I use That blank with my high end pens, and I most say that there is more than one technique in his casting.  Not only is the disiered scrolling is suspended in the blank, but there is coloring and the use of gold foil.  I would love to learn to use the gold foil in my casting.
I always include credit to Jeff Powell (Master scroller) in the card I hand out with my pens


----------



## scjohnson243 (Sep 8, 2014)

Thanks Jim - I cant imagine having the talent to do that on a scroll saw!!!

Thank you for the information - I still have this blank sitting my my blank drawer, scared to death to use it because I dont want to mess it up!

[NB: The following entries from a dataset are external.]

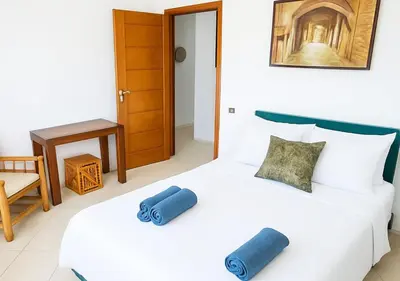 a bedroom with a white bed with blue pillows on it at Appartement moderne Guéliz, Centre Marrakech in Marrakech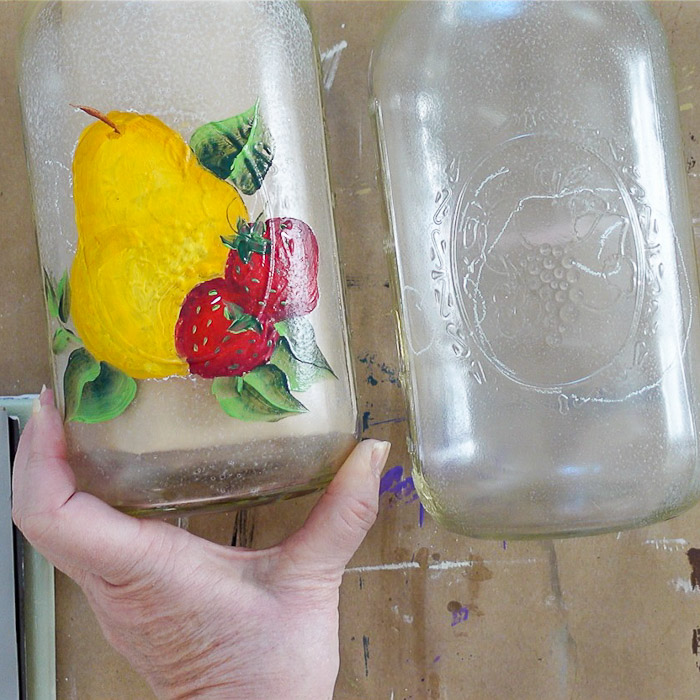 Glass painting pears and strawberries next to an jar with a apple design drawn on ready to paint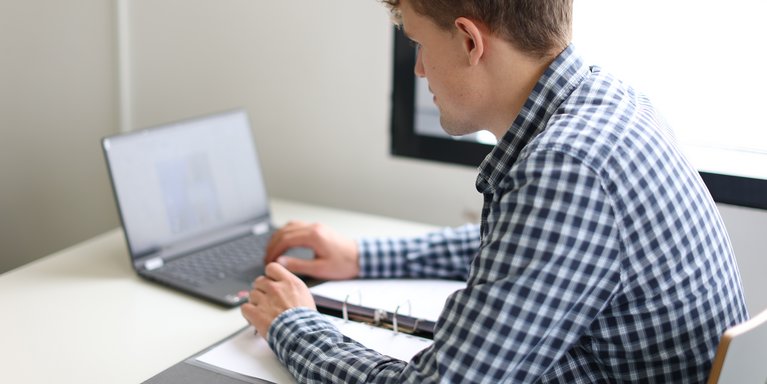 Studierender sitzt vor seinem Laptop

I read that on his description, but didn't know if other people are doing it in a different way... anyway - its impressive work!


----------



## Rlewisrlou666 (Nov 1, 2014)

Just a thought and to add to what has been asked but if you turned a clear epoxy/resin/acrylic blank, 

Could you add a printed image inside the blank before inserting the pen mechanism?

Ryan


----------



## KenV (Nov 1, 2014)

Rlewisrlou666 said:


> Just a thought and to add to what has been asked but if you turned a clear epoxy/resin/acrylic blank,
> 
> Could you add a printed image inside the blank before inserting the pen mechanism?
> 
> Ryan




Ryan -- there are several who put images on paper labels which are applied to the brass tubes and then cast in clear resin.   The images are generally ink jet in colors, fixed, and cast.  

That is probably easier than inserting and has the strength of the brass tube behind the image.  

You can do it that way, but it sounds like a "ship in a bottle" kind of work.


----------



## KenV (Nov 1, 2014)

Steven -- Jeff Powell wrote an article for a magazine about 4-6 years ago which detailed the processes he was using.   He also uses CNC techniques to prepare some of his blanks.  

Jeff has magazine articles available on his web site -  Google Master Scroller


----------



## Rlewisrlou666 (Nov 2, 2014)

Thanks for the advice Ken,


----------



## John hunter (Nov 12, 2014)

I have been developing techniques using the "ship in a bottle" mentioned by Ken in a previous post. I use adhesive photographic paper on which I print an image(s) via MS Publisher and then cast the decorated brass tube in clear resin. If I can work out how, I will post some of my creations on this site and then all I have to do is work out how to get back into this thread.

cheers

John


----------